_What you will do_:
Count, in the entries below, the lines in which "also" occurs. Give the number, nothing more.

BEGIN Extracted entries

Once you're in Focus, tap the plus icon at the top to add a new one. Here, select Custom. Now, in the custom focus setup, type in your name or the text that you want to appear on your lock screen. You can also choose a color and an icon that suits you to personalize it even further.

END Extracted entries
BEGIN Extracted entries

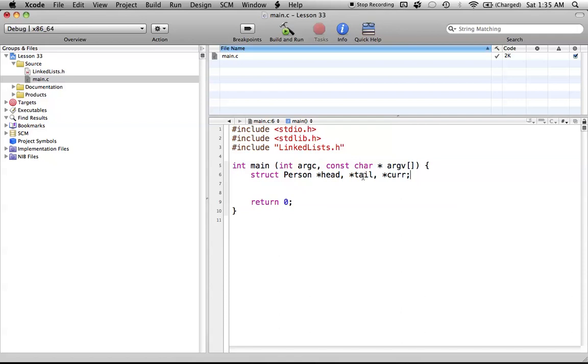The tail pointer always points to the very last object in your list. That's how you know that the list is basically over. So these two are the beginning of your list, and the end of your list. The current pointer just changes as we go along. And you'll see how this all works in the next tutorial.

END Extracted entries
BEGIN Extracted entries

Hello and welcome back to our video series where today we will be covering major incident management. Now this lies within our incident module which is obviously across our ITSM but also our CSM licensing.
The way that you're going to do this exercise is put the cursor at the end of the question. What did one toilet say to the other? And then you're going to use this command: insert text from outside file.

END Extracted entries

_Written solution_:
2